Short descriptive text snippets:

⁂

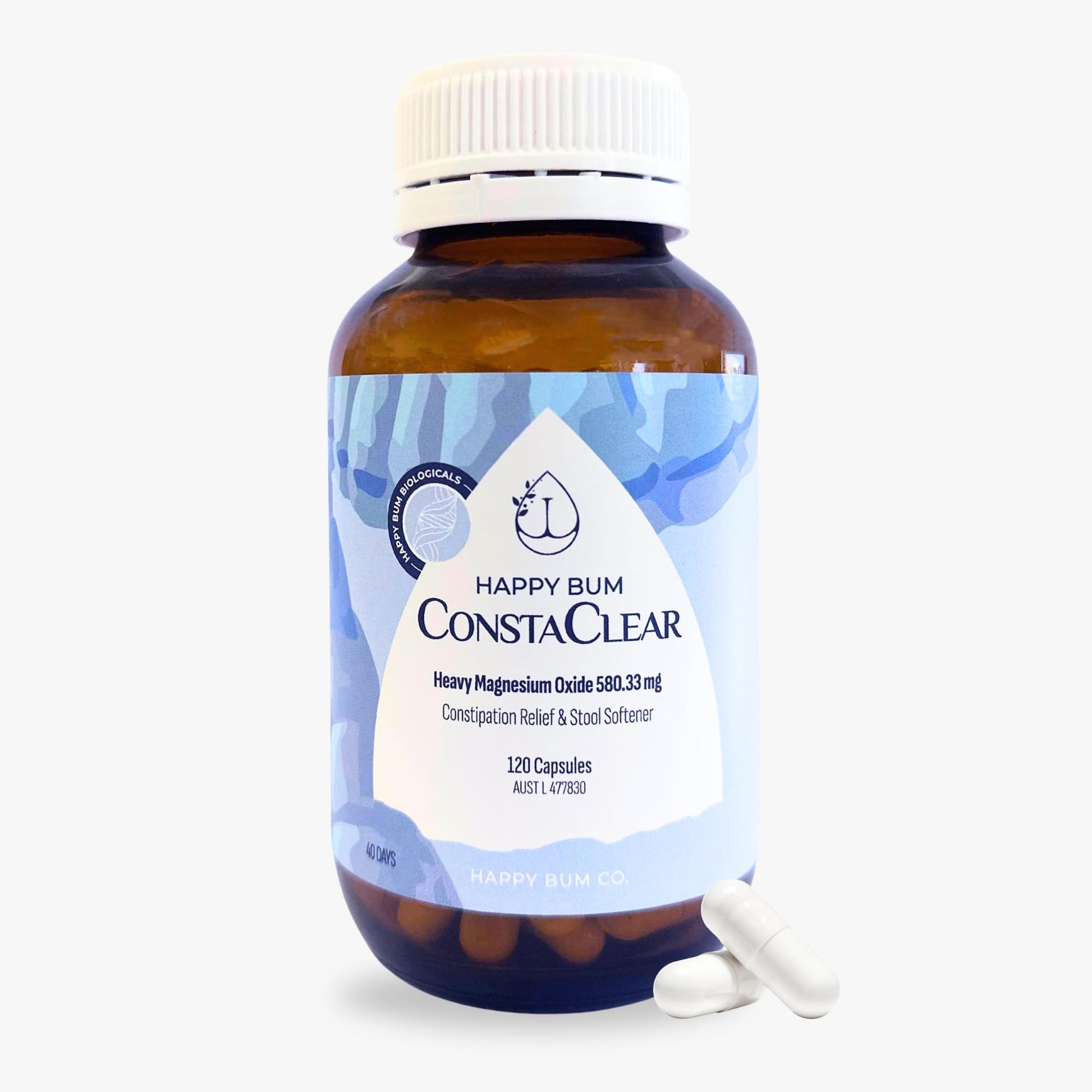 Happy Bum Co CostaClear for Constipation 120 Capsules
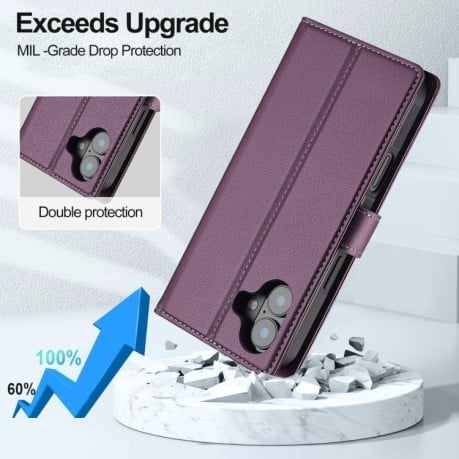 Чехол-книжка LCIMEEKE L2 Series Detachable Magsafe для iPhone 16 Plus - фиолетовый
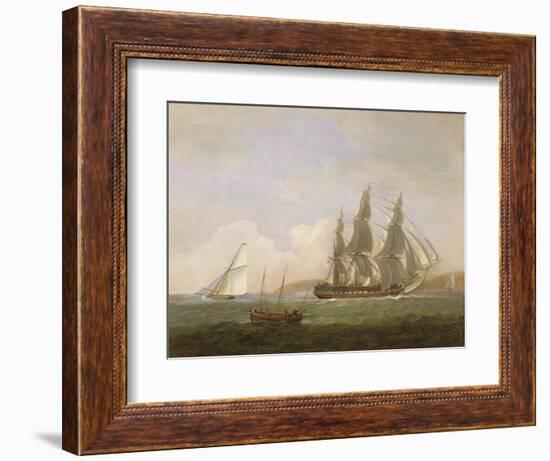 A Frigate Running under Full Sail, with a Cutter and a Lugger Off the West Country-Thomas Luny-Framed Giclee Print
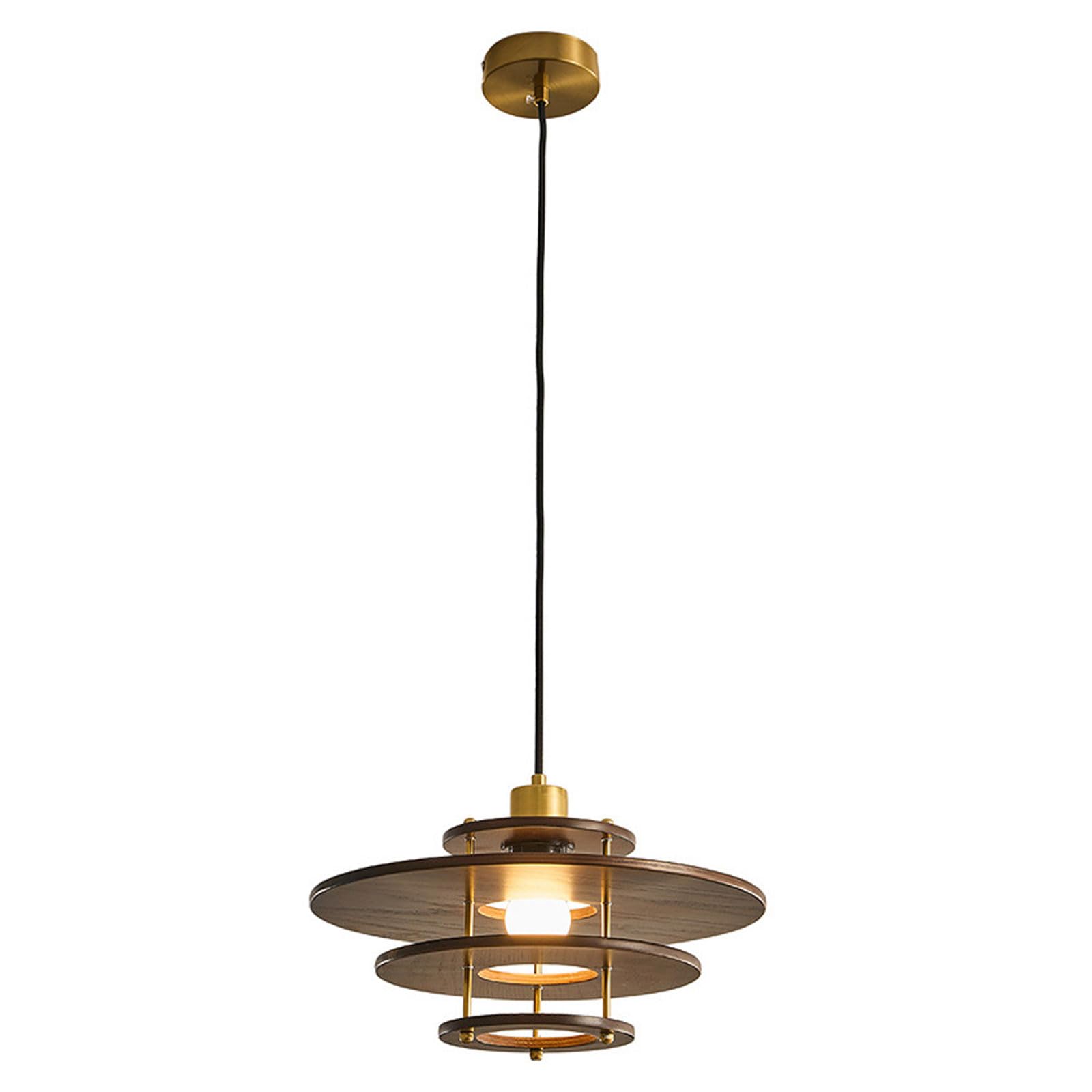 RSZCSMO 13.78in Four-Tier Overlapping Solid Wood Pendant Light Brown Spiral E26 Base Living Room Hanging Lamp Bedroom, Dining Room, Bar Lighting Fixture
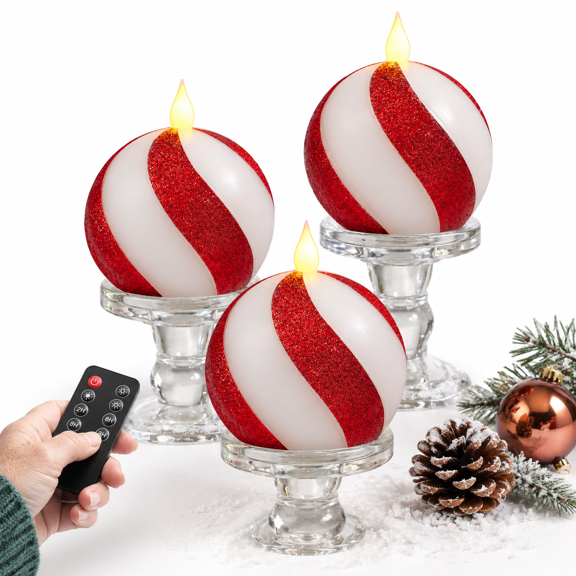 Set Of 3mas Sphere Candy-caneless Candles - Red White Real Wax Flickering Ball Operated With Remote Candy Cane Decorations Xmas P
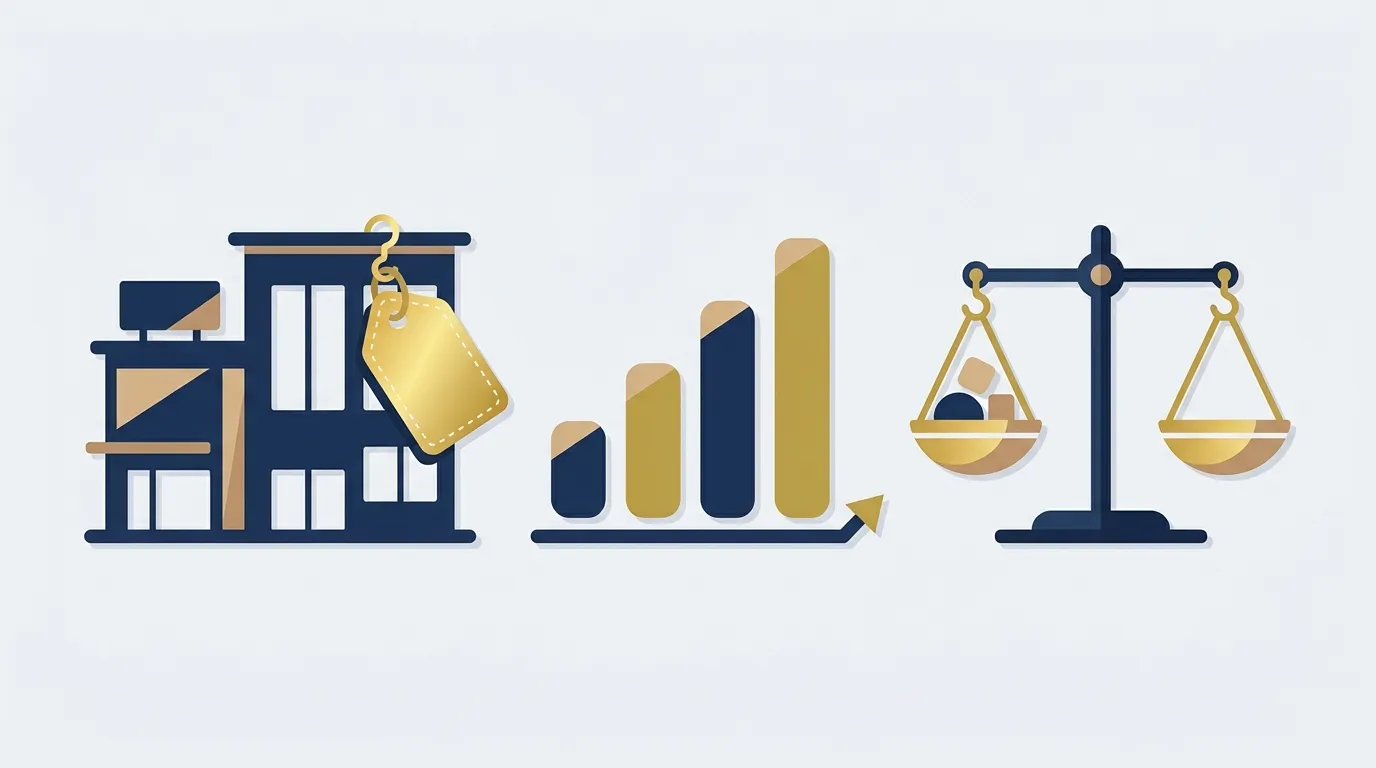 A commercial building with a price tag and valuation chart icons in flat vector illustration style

⁂

**Exercise prompt**
Where the line containing "Set Of 3mas" appears in the entries above, start there and set down every line exactly through the last one, inclusive; omit pictures.

**Result**
 Set Of 3mas Sphere Candy-caneless Candles - Red White Real Wax Flickering Ball Operated With Remote Candy Cane Decorations Xmas P
 A commercial building with a price tag and valuation chart icons in flat vector illustration style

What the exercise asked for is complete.